Charlie, We have to hit Loon sometime.  Most times I'm there on the weekend both days.    The following week ...the 23 rd or 24th would work for me at night.  I work in boston the further away from town the later I get there, but the closer I am to home at night.  Thetrailboss would like Pat's he has a pass there. Charlie you must live pretty close to pat's don't you?


----------



## ChileMass (Feb 14, 2005)

Bob R and I are meeting in the bar at Nashoba (upstairs) at 630PM if anyone else wants to join us.  Be sure to look for the $20 night sking coupon in the Globe sports section on Thursday to save few bucks.....

See you there!


----------



## thetrailboss (Feb 14, 2005)

ChileMass said:
			
		

> Bob R and I are meeting in the bar at Nashoba (upstairs) at 630PM if anyone else wants to join us.  Be sure to look for the $20 night sking coupon in the Globe sports section on Thursday to save few bucks.....
> 
> See you there!



Hey ChileMass.  I have a meeting that night, but have a great time.  Where will you be skiing this weekend?  Hope you get out or have gotten out since our last outing...great conditions.   :wink:


----------



## Vortex (Feb 15, 2005)

Come on folks this is an easy one.   Get ready for the weekend with a few runs and a beverage after.  1st round is mine.   :beer:  Help make this a weekly event.


----------



## Vortex (Feb 17, 2005)

Hey today's the day.  I was searching Nashoba valley ski area... did not remember the web site to get directions again.  I got a linc to the Alpine zone    Maybe next time I'll just go there first :idea:   No coupon in the paper today    Still very cheap night out.


----------



## thetrailboss (Feb 18, 2005)

How did it go last night?


----------



## Vortex (Feb 18, 2005)

It was fun.  ChileMass said he would write the Trip report today.  I think I'm getting busted by him.  I was told I was skiing out of control and fast.  I probably did go a bit fast. I felt I was in control.  The point was I was talked to so I was at fault no question.  The patroller was nice and I was respectful and went  we on skiing.  Anyway the conditions were better when we went before.  Great time though mised ya.  Look for his report.


----------



## thetrailboss (Feb 18, 2005)

Bob R said:
			
		

> It was fun.  ChileMass said he would write the Trip report today.  I think I'm getting busted by him.  I was told I was skiing out of control and fast.  I probably did go a bit fast. I felt I was in control.  The point was I was talked to so I was at fault no question.  The patroller was nice and I was respectful and went  we on skiing.  Anyway the conditions were better when we went before.  Great time though mised ya.  Look for his report.
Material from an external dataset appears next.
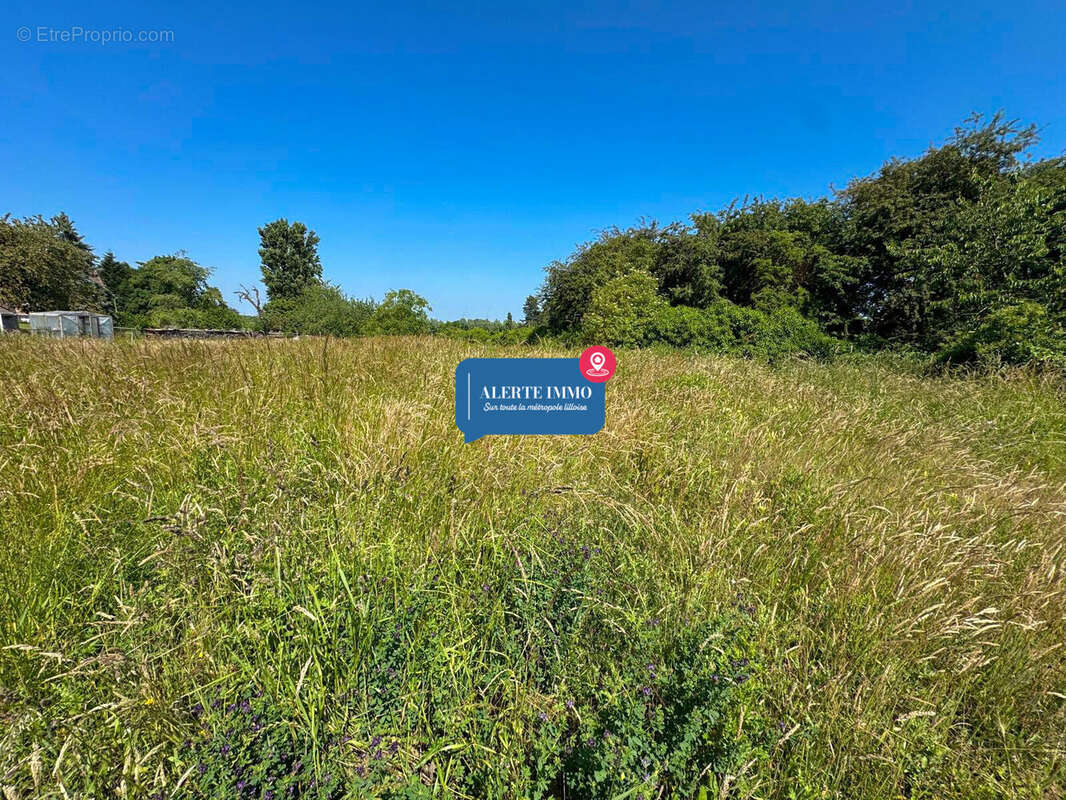 Terrain à LA NEUVILLE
I did not think that we were going too fast at all the last time I was there...as you said, we were in control.  Was there a school group or something?  Weird.   :-?


----------



## Vortex (Feb 18, 2005)

I'll reply by PM.


----------



## thetrailboss (Feb 22, 2005)

Guys...

ChileMass had suggested a Pat's Peak visit for some night skiing.  Sounds great to me...consider that M-TH they close at 9pm, so maybe Friday or Saturday.  

As I told ChileMass, Saturday nights are their POP (Pay one price) program...$23 gets you rental, ticket, tubing and fun from 3-10pm.  This might allow some more folks to join in.  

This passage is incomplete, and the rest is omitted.